By Maitphang Syiem
Imagine a blade, cold and gleaming, with a few grains of salt resting upon its edge. A man leans forward and licks it. In that single gesture, he does not merely perform a ritual; he binds himself to an oath that must outlast convenience, outlive danger, and outshine power. It is from this image that the meaning of salt and blade must be understood.
Salt, though simple in appearance, has always been more than a seasoning. Long before refrigeration, it preserved food, prevented decay, and made survival through harsh seasons possible. Its worth was so immense that in ancient Rome, soldiers were at times associated with allowances linked to salt, and the often-cited connection between the words sal, salarium, and salary reflects the material and symbolic value attached to it. Salt was not only substance; it was endurance itself.

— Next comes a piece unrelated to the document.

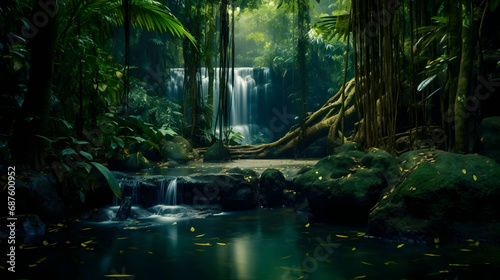Mystery night at deep tropical rain forest with flowing cascade waterfall. Fantasy jangle landscape,Generative Ai photo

Furthermore, in the Hebrew Bible salt also appears in important rituals, the ‘covenant of salt’ appears in many books such as Numbers, Chronicles, and in the New Testament in Matthew, Mark, Luke and Colossians. In all these, Salt appears to be a factor of agreement that was enduring, incorruptible and divinely sanctioned. So, the metaphor of permanence is perfectly fitted because of the preservative nature, just as salt keeps food from spoiling, a Salt covenant keeps a promise from rotting.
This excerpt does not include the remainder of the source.